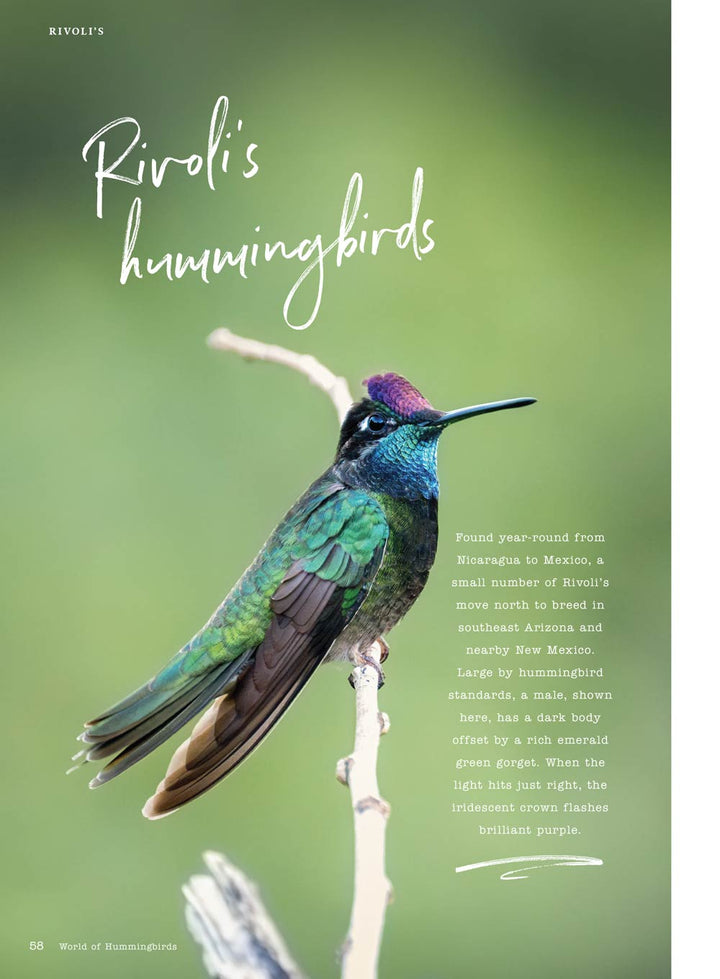 Birds & Blooms - World Of Hummingbirds: Must-See U.S. Species, 50+ Pla ...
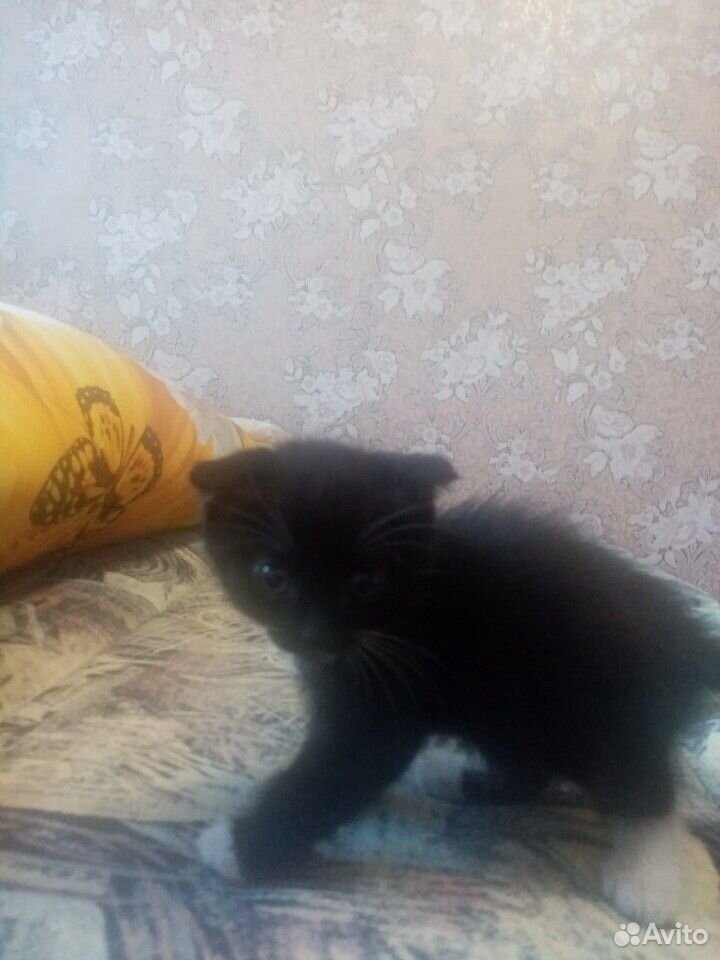 Отдам котят вислоухих купить на Зозу.ру - фотография № 5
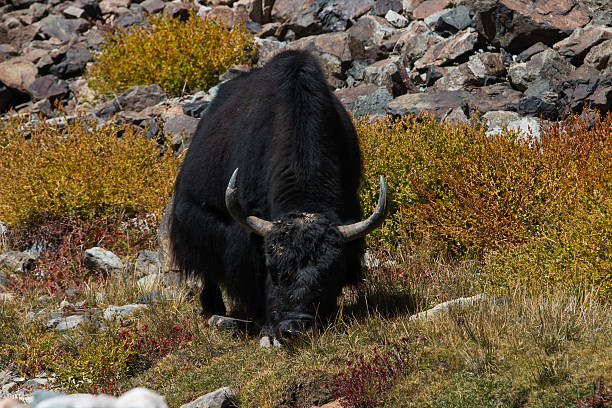 istock Yak at Nubra Valley Leh Ladahk India 520393199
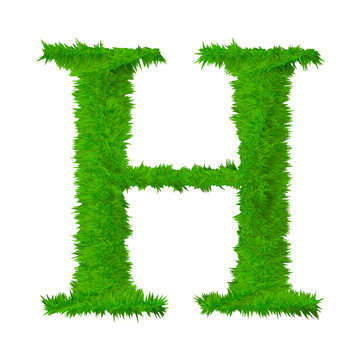 High resolution grass font isolated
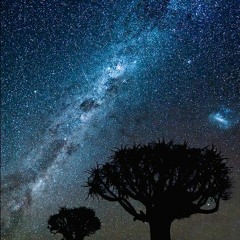 Dusk Till Dawn - 2010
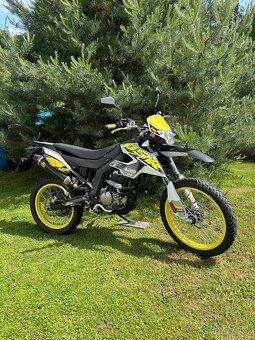 UM DSR EX 125 - 5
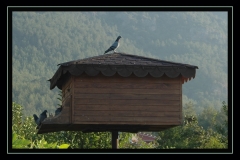 gunu-karsilayis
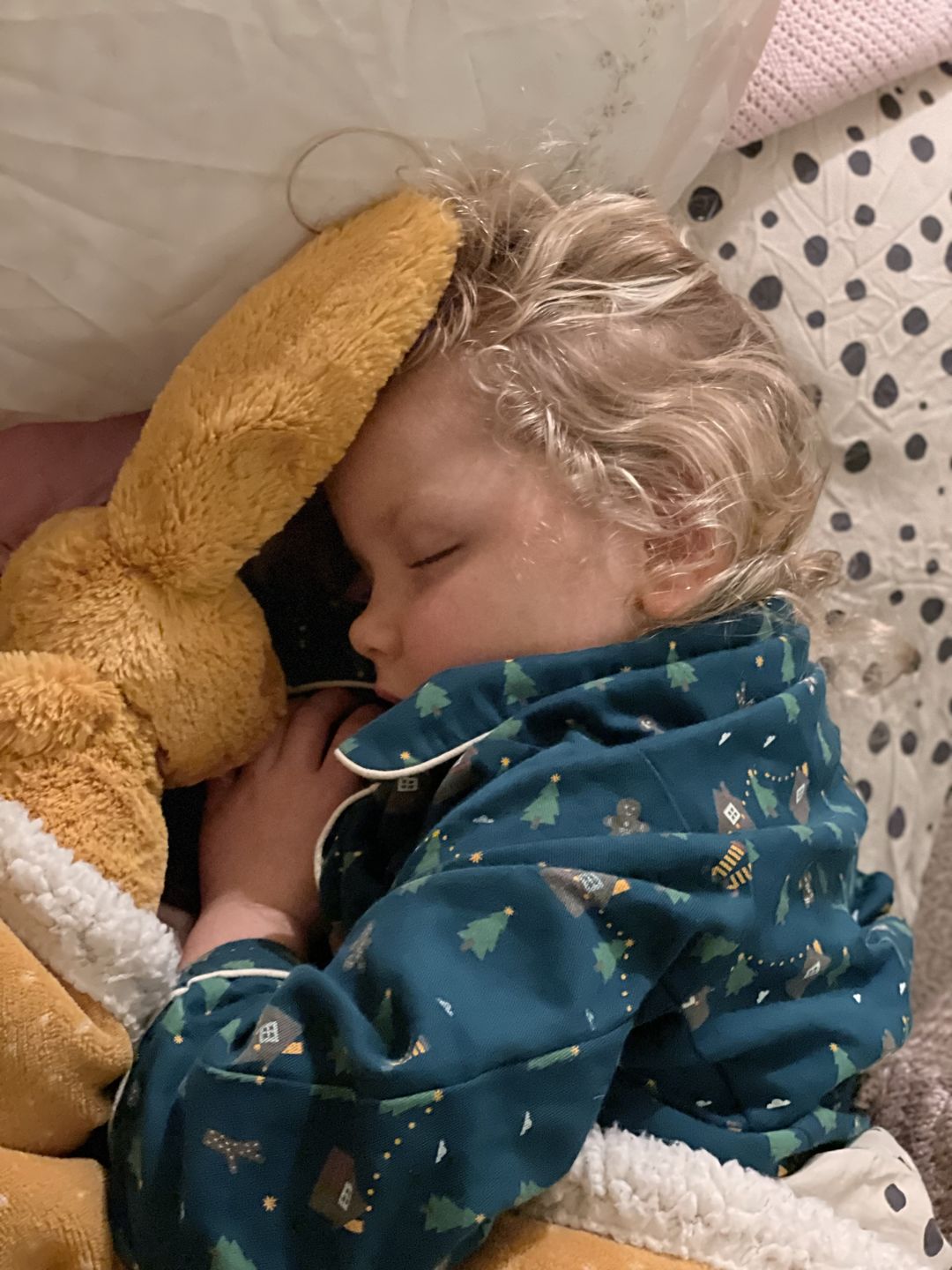 Customer photo review of A Winter's Walk Classic Pyjamas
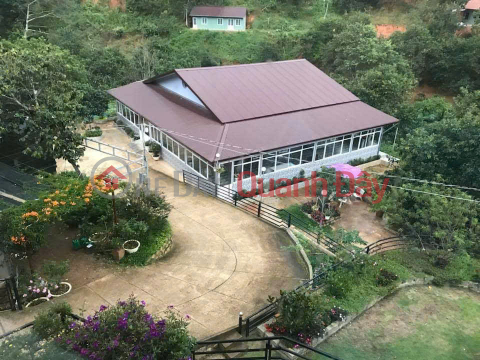 Cho thuê nhà 6 phòng homestay sức chứa 18 người giá 15 triệu tại đường Khe Sanh Đà Lạt Lâm Đồng _0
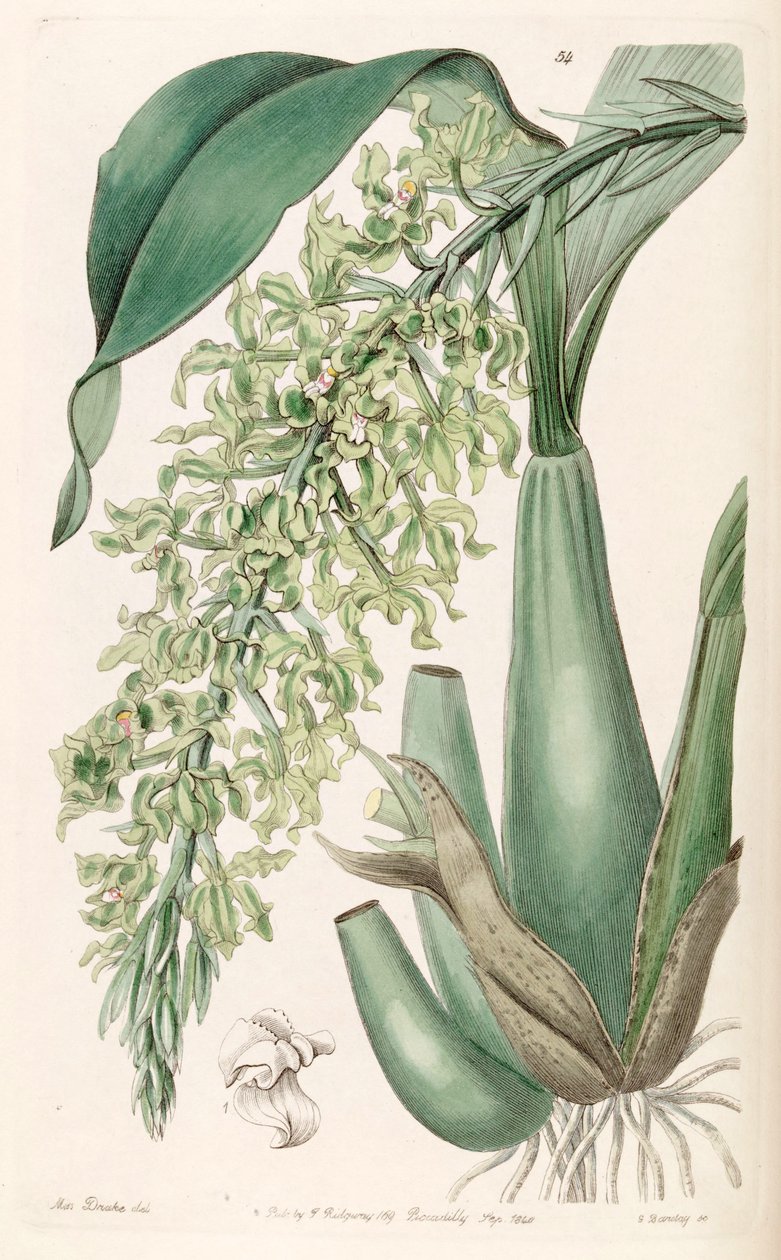 Gomesa crispa by Miss Drake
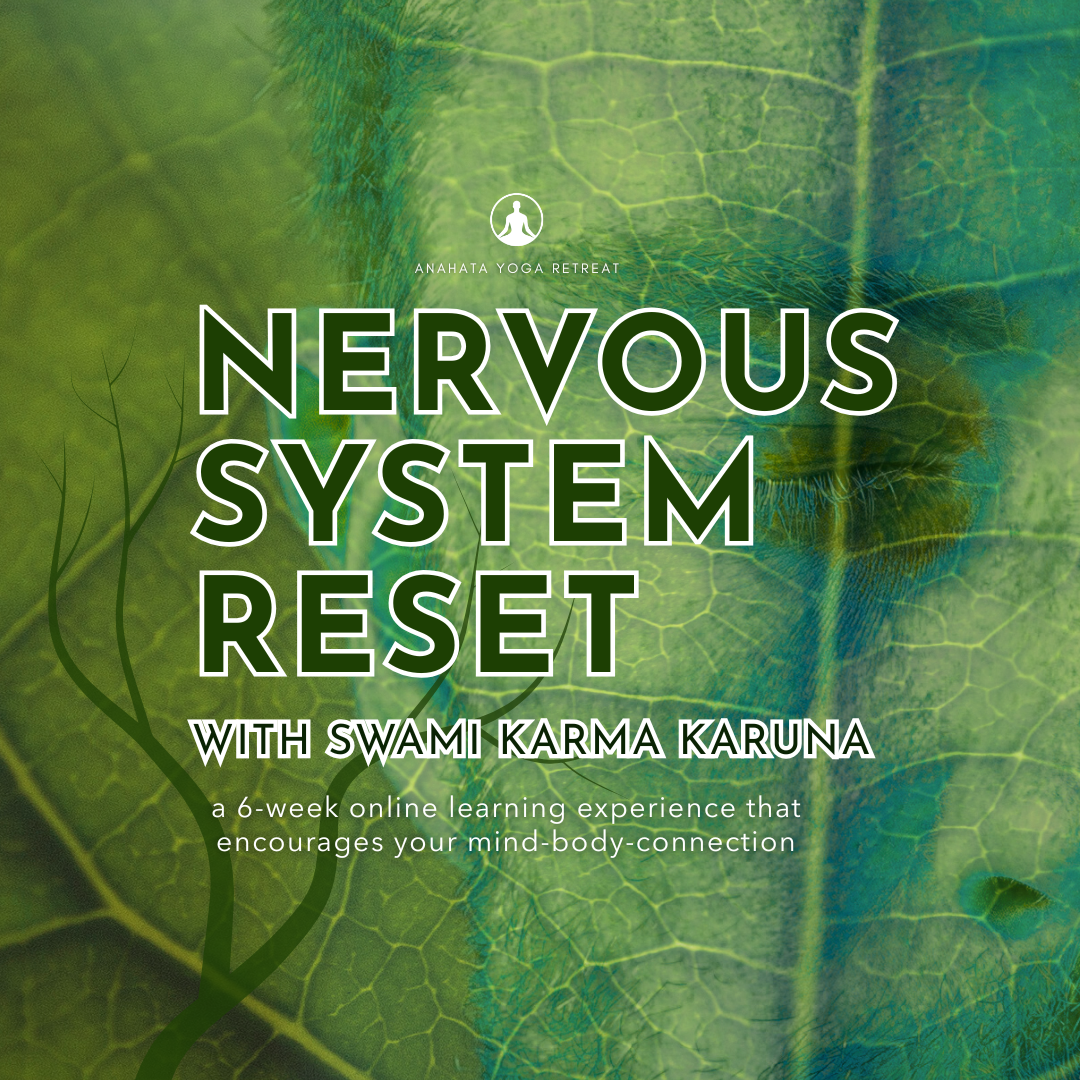 nervous system reset
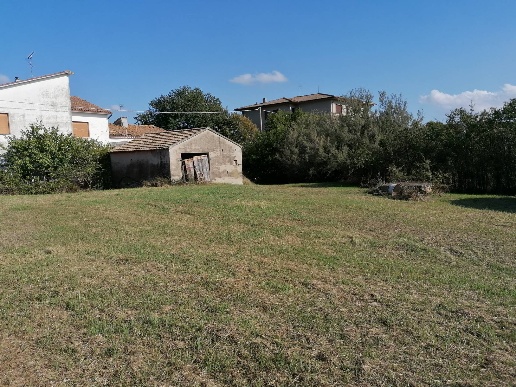 immagine annuncio 4 di 12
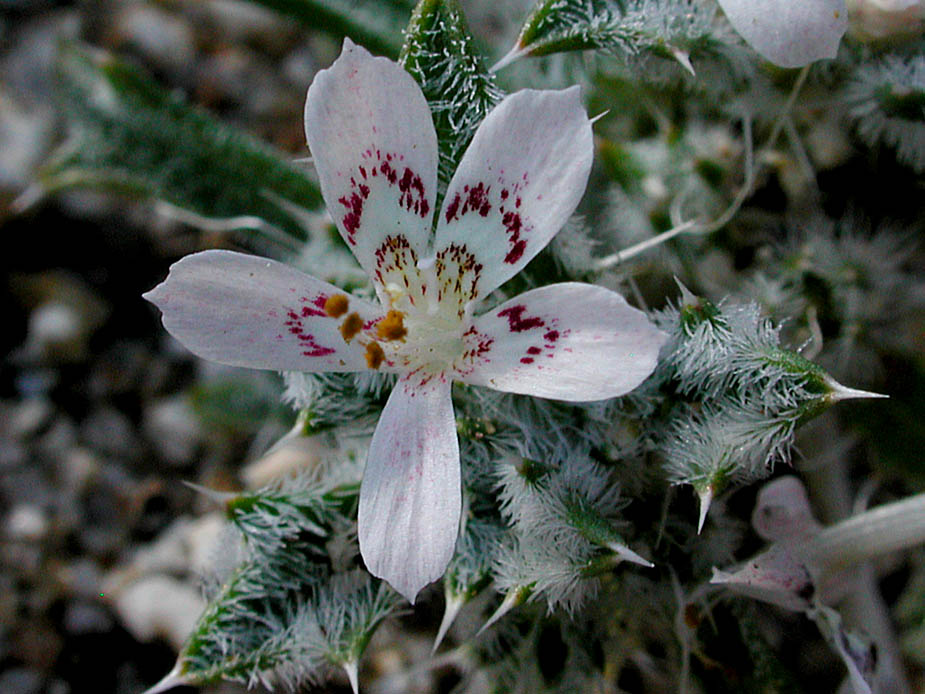 Loeseliastrum matthewsii; Photo # 139
by Kenneth L. Bowles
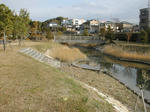DSCN2241-1.jpg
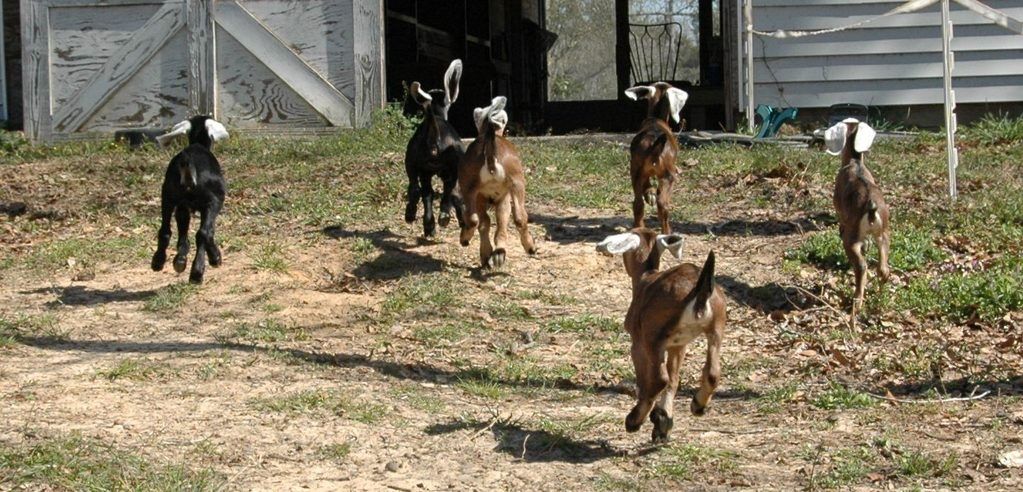 I just love my doelings!(pic) - Goats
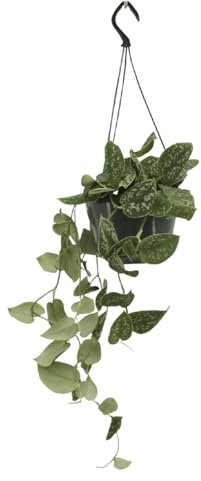 La Green Touch - Pothos Scindapsus Pictus Epipremnum h25cm - Plante d'intérieur - Pot 15cm, Hauteur 25 cm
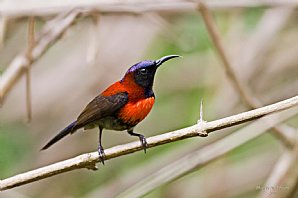 Birdwatching Holiday - Vietnam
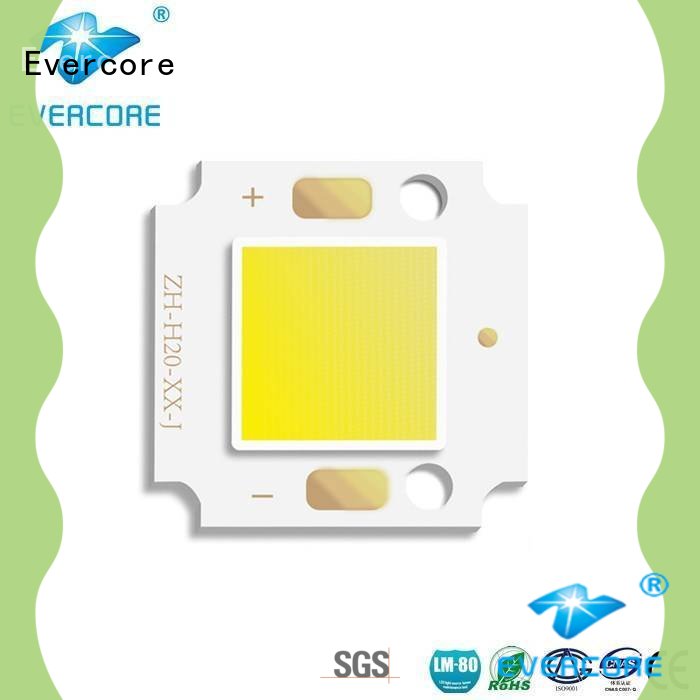 tunnel quality cob led manufacture oh2011 for distribution Evercore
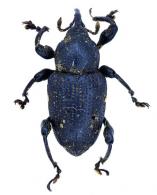 Marshallius multisignatus  (Boheman, 1835)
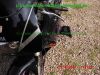 Yamaha_FZR1000_3GM_EXUP_schwarz-lila_144PS_2Hd_HU_06-2019_USD-Gabel_gepflegt_unverbastelt_–_wie_3LE_3LF_3LK-29.jpg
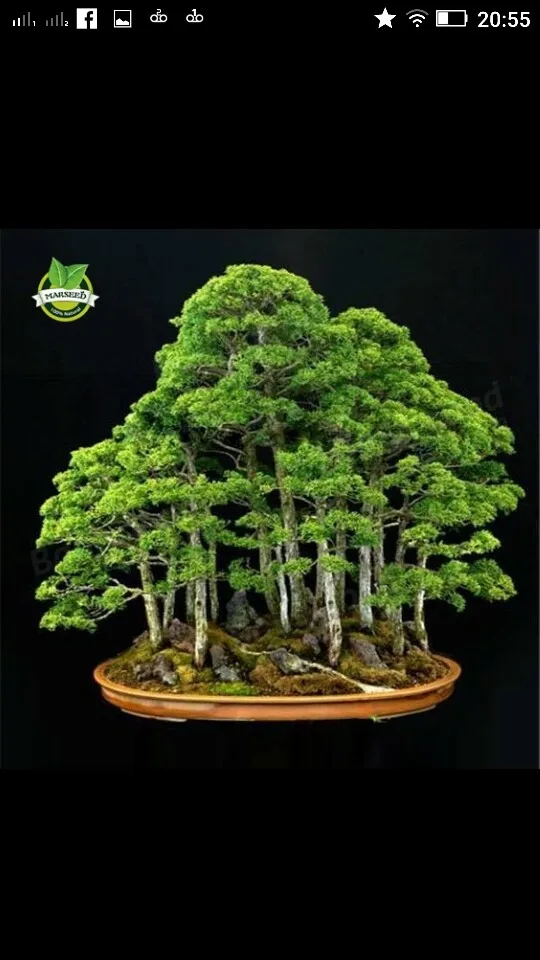 20Pcs Japanese Cedar Semillas Bonsai Seeds Rare Tree Seeds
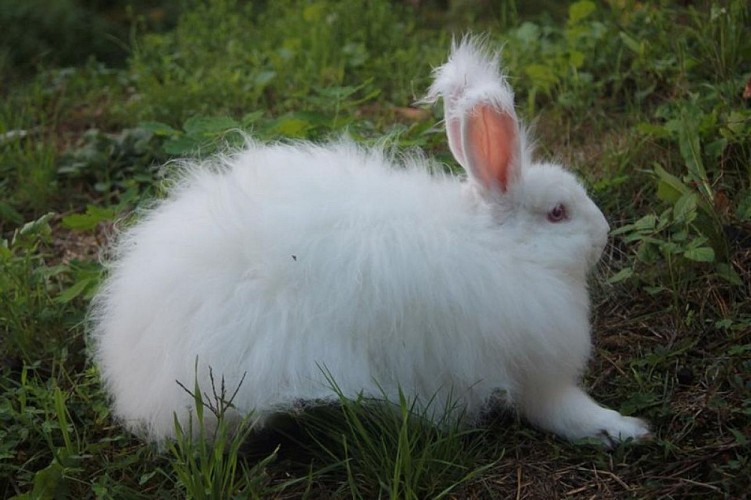 FermeDeTonguy-Beynat_lapin_3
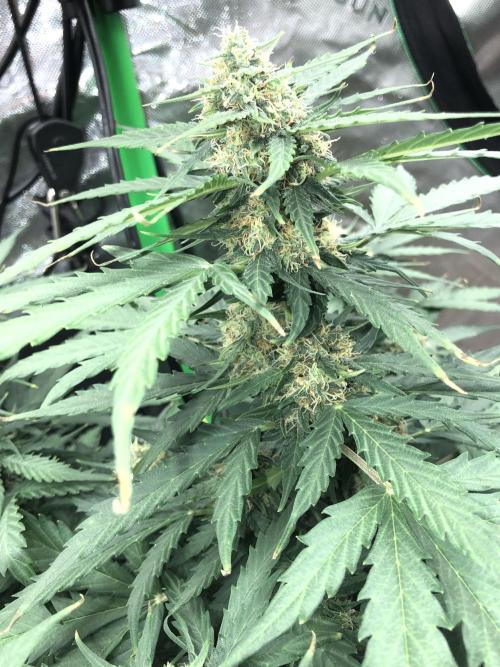 Gorilla Auto Fast Buds Indoor Spring 26. Week 7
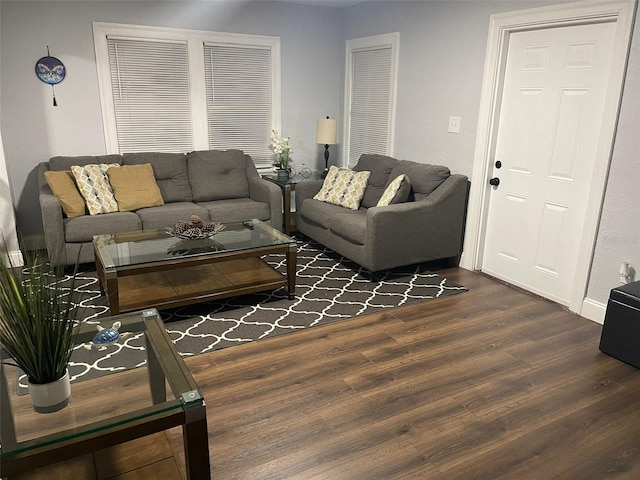 living room with baseboards and wood finished floors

****************************************

> [Problem to work on]
Exactly retype each record above, dropping images.

> [Output]
 Birds & Blooms - World Of Hummingbirds: Must-See U.S. Species, 50+ Pla ...
 Отдам котят вислоухих купить на Зозу.ру - фотография № 5
 istock Yak at Nubra Valley Leh Ladahk India 520393199
 High resolution grass font isolated
 Dusk Till Dawn - 2010
 UM DSR EX 125 - 5
 gunu-karsilayis
 Customer photo review of A Winter's Walk Classic Pyjamas
 Cho thuê nhà 6 phòng homestay sức chứa 18 người giá 15 triệu tại đường Khe Sanh Đà Lạt Lâm Đồng _0
 Gomesa crispa by Miss Drake
 nervous system reset
 immagine annuncio 4 di 12
 Loeseliastrum matthewsii; Photo # 139
by Kenneth L. Bowles
DSCN2241-1.jpg
 I just love my doelings!(pic) - Goats
 La Green Touch - Pothos Scindapsus Pictus Epipremnum h25cm - Plante d'intérieur - Pot 15cm, Hauteur 25 cm
 Birdwatching Holiday - Vietnam
 tunnel quality cob led manufacture oh2011 for distribution Evercore
 Marshallius multisignatus  (Boheman, 1835)
 Yamaha_FZR1000_3GM_EXUP_schwarz-lila_144PS_2Hd_HU_06-2019_USD-Gabel_gepflegt_unverbastelt_–_wie_3LE_3LF_3LK-29.jpg
 20Pcs Japanese Cedar Semillas Bonsai Seeds Rare Tree Seeds
 FermeDeTonguy-Beynat_lapin_3
 Gorilla Auto Fast Buds Indoor Spring 26. Week 7
 living room with baseboards and wood finished floors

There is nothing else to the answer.